▶ _Required work_:
Each line below that includes the word "Large" is to be reported.

▶ _Exercise input_:
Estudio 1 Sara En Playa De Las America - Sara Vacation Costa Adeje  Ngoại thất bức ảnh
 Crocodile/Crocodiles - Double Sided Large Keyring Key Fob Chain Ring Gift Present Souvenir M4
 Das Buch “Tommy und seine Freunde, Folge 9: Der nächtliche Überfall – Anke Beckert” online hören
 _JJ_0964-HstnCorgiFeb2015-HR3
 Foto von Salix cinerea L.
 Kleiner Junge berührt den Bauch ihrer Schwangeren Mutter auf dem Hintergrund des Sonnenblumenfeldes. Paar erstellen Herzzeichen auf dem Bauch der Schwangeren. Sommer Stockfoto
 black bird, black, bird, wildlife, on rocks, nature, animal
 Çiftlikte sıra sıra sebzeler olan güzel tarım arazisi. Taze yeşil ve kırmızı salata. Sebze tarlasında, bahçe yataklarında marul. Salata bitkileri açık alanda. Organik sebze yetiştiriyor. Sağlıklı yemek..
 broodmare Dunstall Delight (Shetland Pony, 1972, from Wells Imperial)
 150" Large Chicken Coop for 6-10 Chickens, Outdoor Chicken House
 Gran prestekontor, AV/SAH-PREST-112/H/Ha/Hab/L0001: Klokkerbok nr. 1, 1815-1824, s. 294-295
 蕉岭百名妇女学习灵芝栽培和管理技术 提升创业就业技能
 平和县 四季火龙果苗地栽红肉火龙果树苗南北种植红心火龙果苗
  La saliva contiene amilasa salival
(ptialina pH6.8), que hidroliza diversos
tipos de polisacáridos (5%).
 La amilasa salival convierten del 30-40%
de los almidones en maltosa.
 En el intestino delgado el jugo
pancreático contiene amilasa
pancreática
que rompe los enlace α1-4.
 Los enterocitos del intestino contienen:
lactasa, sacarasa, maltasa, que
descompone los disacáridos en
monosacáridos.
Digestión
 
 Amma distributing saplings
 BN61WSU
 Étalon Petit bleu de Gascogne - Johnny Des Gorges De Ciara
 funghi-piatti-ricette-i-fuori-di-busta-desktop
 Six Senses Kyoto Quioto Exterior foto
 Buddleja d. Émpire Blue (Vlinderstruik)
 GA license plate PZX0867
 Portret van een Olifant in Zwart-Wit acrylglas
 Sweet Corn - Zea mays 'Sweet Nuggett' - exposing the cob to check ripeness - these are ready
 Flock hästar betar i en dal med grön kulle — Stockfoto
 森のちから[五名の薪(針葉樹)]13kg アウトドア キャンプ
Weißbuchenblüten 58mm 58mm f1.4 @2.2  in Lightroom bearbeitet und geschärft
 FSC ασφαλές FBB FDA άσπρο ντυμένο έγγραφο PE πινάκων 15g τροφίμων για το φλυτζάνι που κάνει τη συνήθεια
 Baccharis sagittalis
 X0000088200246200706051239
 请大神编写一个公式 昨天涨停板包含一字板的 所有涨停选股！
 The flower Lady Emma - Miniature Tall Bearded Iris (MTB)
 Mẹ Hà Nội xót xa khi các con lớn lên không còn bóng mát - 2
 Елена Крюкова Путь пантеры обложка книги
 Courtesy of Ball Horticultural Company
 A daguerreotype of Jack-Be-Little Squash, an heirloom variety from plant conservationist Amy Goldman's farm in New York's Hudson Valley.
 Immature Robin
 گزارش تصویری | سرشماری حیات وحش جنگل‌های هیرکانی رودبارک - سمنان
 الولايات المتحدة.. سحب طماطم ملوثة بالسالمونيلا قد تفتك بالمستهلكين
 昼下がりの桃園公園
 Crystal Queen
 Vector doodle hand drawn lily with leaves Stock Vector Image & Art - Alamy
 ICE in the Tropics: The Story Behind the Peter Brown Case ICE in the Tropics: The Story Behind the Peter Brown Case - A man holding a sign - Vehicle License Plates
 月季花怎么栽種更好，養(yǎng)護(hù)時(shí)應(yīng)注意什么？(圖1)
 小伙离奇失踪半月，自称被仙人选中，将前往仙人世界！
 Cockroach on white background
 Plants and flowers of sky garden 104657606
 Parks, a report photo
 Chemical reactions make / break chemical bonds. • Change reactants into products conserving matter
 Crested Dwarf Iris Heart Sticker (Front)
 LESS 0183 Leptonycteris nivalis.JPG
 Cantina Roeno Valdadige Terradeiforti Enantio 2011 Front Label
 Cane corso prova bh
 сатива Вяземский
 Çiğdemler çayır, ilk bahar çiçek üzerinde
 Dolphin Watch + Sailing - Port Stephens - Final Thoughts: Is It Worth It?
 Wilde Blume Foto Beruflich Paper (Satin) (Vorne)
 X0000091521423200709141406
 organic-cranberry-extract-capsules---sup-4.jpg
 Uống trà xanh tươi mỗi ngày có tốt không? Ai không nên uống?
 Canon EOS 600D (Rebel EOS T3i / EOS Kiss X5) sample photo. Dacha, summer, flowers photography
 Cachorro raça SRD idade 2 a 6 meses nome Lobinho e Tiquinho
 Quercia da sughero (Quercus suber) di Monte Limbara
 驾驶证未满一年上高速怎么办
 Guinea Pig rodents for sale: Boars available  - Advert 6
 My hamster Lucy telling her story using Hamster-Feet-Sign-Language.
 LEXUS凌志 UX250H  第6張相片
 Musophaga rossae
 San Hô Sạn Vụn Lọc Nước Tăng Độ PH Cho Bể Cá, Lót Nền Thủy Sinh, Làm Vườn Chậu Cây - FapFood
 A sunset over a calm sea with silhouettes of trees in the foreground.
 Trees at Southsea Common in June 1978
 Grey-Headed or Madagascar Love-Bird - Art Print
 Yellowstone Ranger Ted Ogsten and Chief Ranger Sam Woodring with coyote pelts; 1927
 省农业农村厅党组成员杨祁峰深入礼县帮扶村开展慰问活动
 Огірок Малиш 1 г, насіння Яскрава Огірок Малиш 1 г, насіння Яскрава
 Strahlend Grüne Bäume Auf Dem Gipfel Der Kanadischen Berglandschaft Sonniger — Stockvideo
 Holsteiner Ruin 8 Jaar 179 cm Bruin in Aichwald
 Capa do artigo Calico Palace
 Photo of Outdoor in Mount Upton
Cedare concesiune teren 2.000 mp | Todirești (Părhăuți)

▶ _Answer to the exercise_:
 Crocodile/Crocodiles - Double Sided Large Keyring Key Fob Chain Ring Gift Present Souvenir M4
 150" Large Chicken Coop for 6-10 Chickens, Outdoor Chicken House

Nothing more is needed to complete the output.